Action item:
Scan the entries below for the word "priced". Copy each line that has it.

***** Dataset entries

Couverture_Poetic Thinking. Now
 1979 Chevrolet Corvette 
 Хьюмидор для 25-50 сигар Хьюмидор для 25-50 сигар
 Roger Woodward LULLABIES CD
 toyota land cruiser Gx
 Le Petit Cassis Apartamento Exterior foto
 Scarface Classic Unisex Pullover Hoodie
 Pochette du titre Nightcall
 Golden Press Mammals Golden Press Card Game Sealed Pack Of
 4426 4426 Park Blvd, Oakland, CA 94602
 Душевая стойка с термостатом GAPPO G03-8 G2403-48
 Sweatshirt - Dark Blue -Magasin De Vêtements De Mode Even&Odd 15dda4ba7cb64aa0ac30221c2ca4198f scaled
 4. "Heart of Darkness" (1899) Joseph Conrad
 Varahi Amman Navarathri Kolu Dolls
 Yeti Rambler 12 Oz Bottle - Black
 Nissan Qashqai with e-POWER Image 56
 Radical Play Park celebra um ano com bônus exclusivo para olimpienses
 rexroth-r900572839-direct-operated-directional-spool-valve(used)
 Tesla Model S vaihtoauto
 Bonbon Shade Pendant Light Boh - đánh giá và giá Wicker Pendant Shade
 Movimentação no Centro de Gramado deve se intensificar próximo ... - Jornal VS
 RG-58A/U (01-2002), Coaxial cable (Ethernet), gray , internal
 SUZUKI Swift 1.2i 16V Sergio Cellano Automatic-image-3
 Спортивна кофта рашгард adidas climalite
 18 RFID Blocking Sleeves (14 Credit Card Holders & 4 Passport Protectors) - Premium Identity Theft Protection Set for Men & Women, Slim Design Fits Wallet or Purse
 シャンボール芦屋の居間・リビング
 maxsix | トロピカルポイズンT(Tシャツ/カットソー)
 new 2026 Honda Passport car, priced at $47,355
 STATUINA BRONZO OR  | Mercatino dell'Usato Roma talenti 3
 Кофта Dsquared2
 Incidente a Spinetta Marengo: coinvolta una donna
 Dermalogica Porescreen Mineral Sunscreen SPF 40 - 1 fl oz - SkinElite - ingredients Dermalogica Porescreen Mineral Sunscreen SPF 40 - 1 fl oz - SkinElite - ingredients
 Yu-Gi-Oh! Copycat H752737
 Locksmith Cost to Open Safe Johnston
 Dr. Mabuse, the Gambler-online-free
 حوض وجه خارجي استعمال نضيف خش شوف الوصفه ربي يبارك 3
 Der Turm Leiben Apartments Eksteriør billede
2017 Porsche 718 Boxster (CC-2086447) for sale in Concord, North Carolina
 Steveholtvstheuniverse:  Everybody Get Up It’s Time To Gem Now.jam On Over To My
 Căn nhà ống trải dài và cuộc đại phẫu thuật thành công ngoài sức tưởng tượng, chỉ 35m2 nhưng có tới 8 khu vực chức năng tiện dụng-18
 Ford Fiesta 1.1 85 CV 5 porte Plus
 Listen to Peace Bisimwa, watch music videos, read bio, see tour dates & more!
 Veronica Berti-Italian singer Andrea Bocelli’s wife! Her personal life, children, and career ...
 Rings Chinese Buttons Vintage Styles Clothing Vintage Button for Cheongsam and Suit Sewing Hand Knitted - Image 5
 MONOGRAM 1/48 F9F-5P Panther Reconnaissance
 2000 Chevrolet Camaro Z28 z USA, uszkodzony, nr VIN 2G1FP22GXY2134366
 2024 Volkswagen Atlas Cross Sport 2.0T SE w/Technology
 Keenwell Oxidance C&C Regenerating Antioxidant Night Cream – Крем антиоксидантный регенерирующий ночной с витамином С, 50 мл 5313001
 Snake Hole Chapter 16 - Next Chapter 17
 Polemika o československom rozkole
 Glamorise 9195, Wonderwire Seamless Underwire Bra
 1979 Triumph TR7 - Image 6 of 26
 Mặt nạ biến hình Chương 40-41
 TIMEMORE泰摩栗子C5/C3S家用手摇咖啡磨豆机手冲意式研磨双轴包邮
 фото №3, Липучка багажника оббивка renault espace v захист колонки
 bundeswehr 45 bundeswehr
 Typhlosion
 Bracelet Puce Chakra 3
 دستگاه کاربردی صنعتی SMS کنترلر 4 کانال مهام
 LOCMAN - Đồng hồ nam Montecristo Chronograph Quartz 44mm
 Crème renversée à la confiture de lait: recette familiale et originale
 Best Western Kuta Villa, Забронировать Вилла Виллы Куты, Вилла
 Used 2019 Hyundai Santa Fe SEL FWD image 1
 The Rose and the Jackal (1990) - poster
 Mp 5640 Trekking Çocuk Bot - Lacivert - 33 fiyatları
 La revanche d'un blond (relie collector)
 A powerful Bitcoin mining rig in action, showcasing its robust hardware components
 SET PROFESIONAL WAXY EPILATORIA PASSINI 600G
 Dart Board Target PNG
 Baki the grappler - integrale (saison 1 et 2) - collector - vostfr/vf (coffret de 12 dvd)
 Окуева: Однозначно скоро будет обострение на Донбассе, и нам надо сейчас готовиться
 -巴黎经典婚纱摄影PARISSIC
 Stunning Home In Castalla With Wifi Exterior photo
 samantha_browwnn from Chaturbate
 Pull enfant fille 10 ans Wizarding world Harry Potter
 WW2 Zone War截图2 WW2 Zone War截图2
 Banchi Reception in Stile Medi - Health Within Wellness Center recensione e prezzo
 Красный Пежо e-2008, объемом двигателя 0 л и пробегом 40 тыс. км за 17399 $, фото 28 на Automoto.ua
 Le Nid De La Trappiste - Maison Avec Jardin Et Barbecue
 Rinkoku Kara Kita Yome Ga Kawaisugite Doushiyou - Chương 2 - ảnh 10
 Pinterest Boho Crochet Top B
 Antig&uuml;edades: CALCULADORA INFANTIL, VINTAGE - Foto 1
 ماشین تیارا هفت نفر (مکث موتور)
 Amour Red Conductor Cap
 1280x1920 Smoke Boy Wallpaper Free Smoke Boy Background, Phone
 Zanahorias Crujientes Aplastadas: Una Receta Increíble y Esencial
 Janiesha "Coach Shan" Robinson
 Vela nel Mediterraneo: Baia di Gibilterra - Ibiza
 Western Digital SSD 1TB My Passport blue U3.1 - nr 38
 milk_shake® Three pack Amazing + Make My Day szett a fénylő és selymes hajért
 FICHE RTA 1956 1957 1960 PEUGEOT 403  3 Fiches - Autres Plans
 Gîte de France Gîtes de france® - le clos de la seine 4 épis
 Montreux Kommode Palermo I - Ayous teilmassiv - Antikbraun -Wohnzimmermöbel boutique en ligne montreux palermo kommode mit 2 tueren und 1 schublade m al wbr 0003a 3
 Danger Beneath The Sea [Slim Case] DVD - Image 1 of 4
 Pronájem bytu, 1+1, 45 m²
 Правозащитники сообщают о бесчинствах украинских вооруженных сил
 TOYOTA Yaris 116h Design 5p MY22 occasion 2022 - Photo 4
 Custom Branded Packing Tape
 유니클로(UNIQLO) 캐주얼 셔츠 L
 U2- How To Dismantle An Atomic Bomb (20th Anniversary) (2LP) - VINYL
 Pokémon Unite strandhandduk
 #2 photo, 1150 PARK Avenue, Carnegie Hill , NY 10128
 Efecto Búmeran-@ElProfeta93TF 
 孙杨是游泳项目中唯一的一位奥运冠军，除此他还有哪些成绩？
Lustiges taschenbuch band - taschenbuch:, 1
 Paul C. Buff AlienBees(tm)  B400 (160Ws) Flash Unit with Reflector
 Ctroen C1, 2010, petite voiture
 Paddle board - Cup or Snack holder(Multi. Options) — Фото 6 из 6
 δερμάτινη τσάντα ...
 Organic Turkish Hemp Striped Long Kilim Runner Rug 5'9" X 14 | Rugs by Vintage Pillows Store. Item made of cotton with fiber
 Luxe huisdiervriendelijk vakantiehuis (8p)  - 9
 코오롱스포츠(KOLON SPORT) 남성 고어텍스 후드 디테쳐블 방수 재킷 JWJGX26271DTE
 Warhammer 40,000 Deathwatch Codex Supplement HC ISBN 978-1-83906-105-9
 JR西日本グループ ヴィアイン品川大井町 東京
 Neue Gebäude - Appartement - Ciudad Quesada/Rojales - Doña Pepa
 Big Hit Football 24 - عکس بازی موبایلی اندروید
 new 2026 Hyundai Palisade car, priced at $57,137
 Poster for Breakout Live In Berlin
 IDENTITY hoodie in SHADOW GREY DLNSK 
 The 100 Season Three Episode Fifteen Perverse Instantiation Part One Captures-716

**********

Problem solution:
 new 2026 Honda Passport car, priced at $47,355
 new 2026 Hyundai Palisade car, priced at $57,137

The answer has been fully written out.